The court’s order also points out the SBA’s own apparent recognition of congressional intent to expand the pool of eligible borrowers beyond those in Section 120.110 by allowing certain gambling businesses excluded by that rule to receive PPP loans. However, the court did maintain that eligibility limitations on “businesses engaged in illegal activity” and “businesses located in a foreign country” were inherent in the PPP and, therefore, would not be removed by the court’s invalidation of the SBA’s restrictions.

Notably, the court did not issue the preliminary injunction on a nationwide basis and stated that its order “does not affect in any way actions that Defendants may take in connection with applications for PPP loans by any entity other than the Plaintiffs and Intervenors in this action.” The rest of the businesses in the categories listed in Section 120.110—as well as other businesses threatened by other SBA guidance—are still waiting for more clarity as the PPP runs out of funds.

Why it matters

This is not the first such ruling on the issue. In Camelot Banquet Rooms v. U.S. Small Business Administration, a federal district court in Wisconsin likewise ruled on May 1, 2020, that clubs like DV Diamond were entitled to PPP loans. Unlike the injunction in DV Diamond, the Wisconsin federal court’s injunction was not expressly limited to the litigants, but the Seventh Circuit immediately stayed the injunction pending the SBA’s appeal.

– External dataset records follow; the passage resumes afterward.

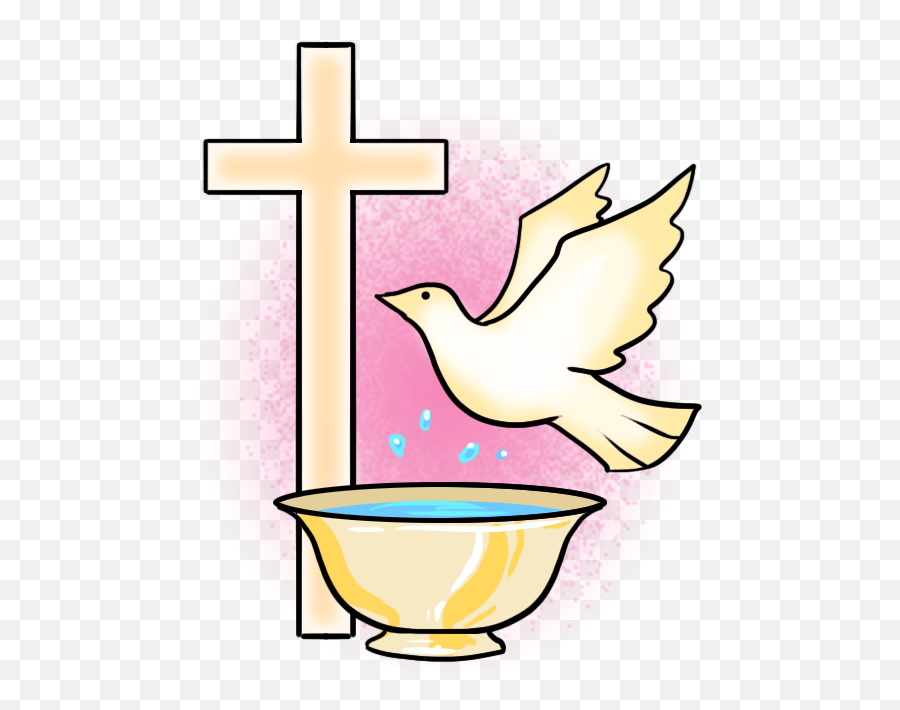 Download Catholic Of Symbol Eucharist Sacraments Church The - Baptism Symbol Png,Eucharist Png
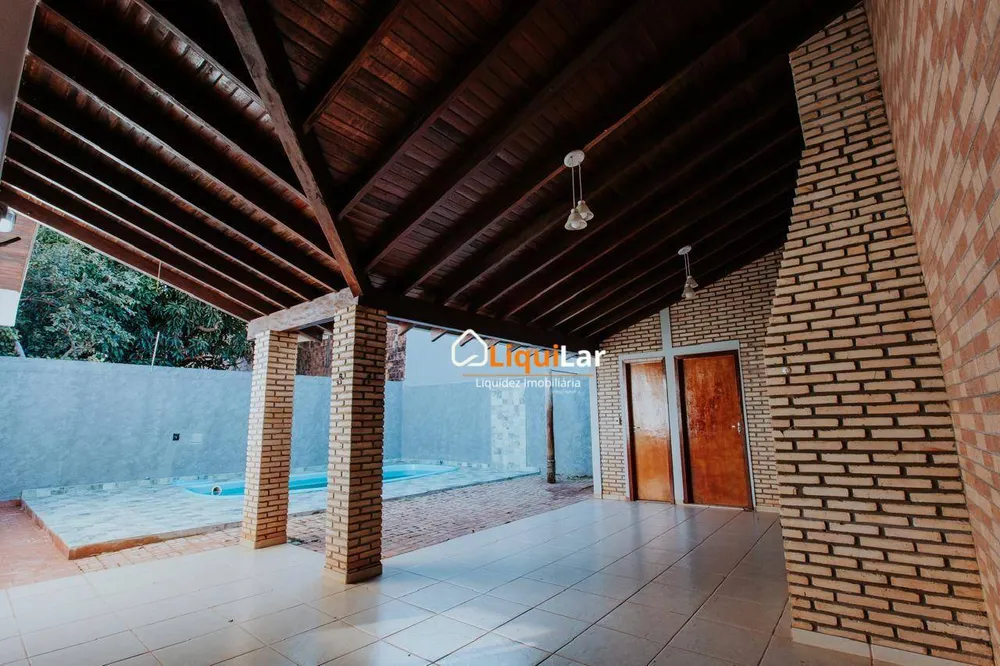 Casa, 3 quartos, 210 m² - Foto 3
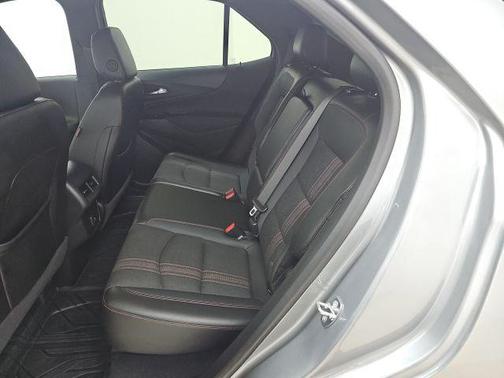 2023 Chevrolet Equinox AWD RS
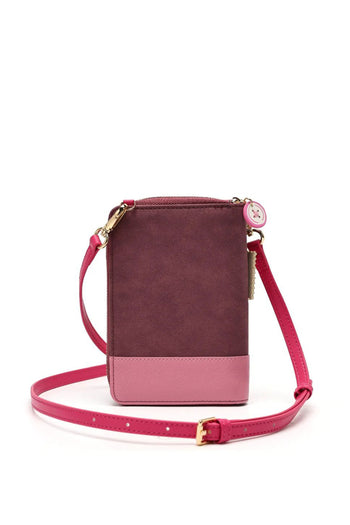 Sewing Box Scrapbook - Pochette telefono Bree - 3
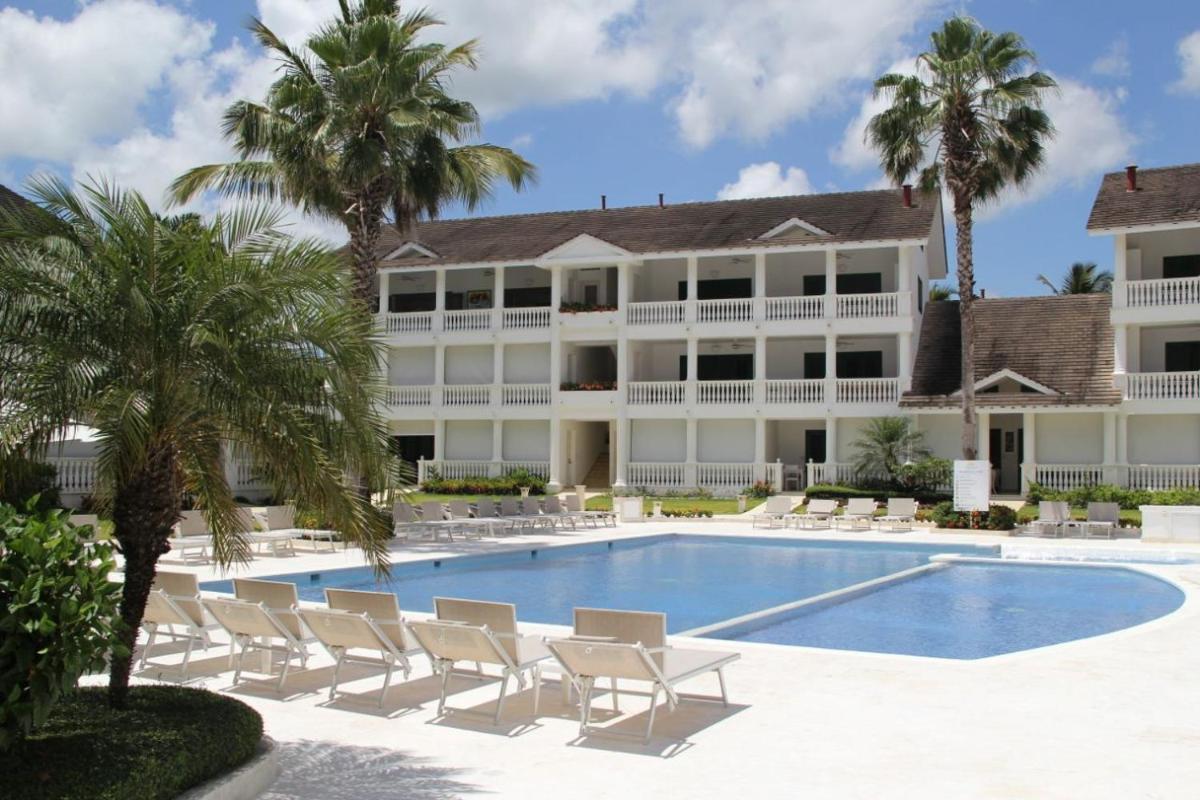 hotel building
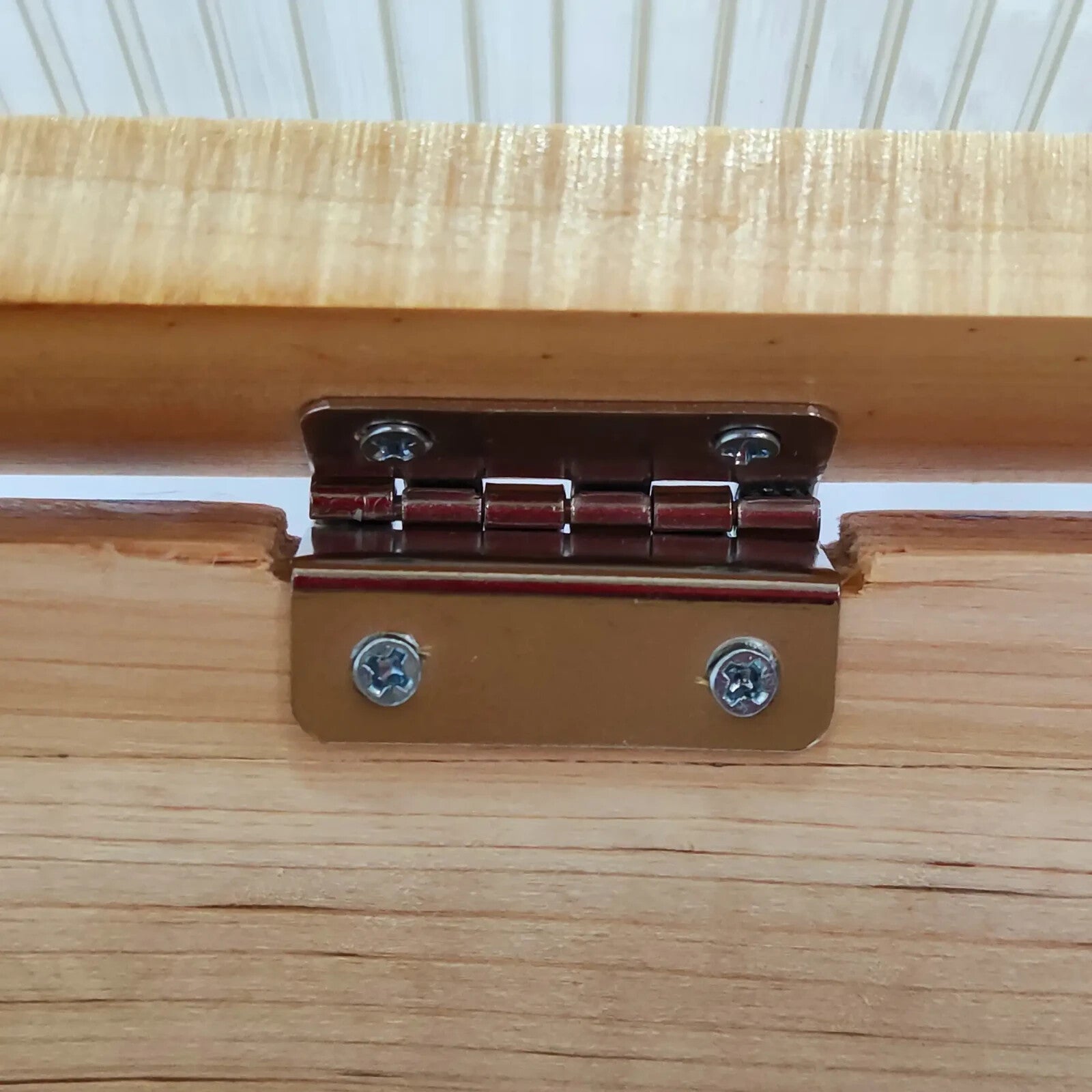 100x50x36cm Wooden Cold Frame Greenhouse with Polycarbonate Panels and Roof - Home and Garden Furniture Shop - rustic - furniture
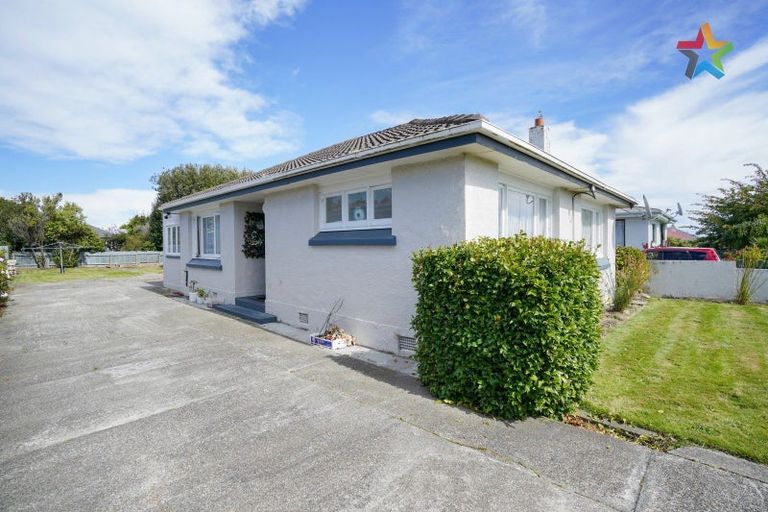 Photo of property in 603 Tweed Street, Newfield, Invercargill, 9812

The DV Diamond ruling is clearer in that regard, and does not impose a broader prohibition against the SBA continuing to reject other applicants who fail under the PPP Ineligibility Rule. But the extensive analysis could provide grist for appellate rulings that do have binding and precedential impact. Until that time, lenders should take caution in the receipt and underwriting of PPP applicants who would qualify but for the PPP Ineligibility Rule.